Array columns
If you select an array column for output, the CFF stage passes data to the output link data in different ways depending on the type of array you select.
When you load array columns into a CFF stage, you must specify how to process the array data. You can pass the data as is, flatten all arrays on input to the stage, or flatten selected arrays on input. You choose one of these options from the Complex File Load Option window, which opens when you load column definitions on the Records tab.

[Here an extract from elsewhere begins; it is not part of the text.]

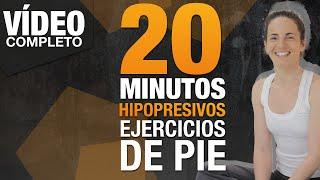 GIMNASIA HIPOPRESIVA - EJERCICIOS HIPOPRESIVOS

If you choose to flatten arrays, the flattening is done at the time that the column metadata is loaded into the stage. All of the array elements appear as separate columns in the table. Each array column has a numeric suffix to make its name unique. You can select any or all of these columns for output.
If you choose to pass arrays as is, the array structure is preserved. The data is presented as a single row at run time for each incoming row. If the array is normalized, the incoming single row is resolved into multiple output rows.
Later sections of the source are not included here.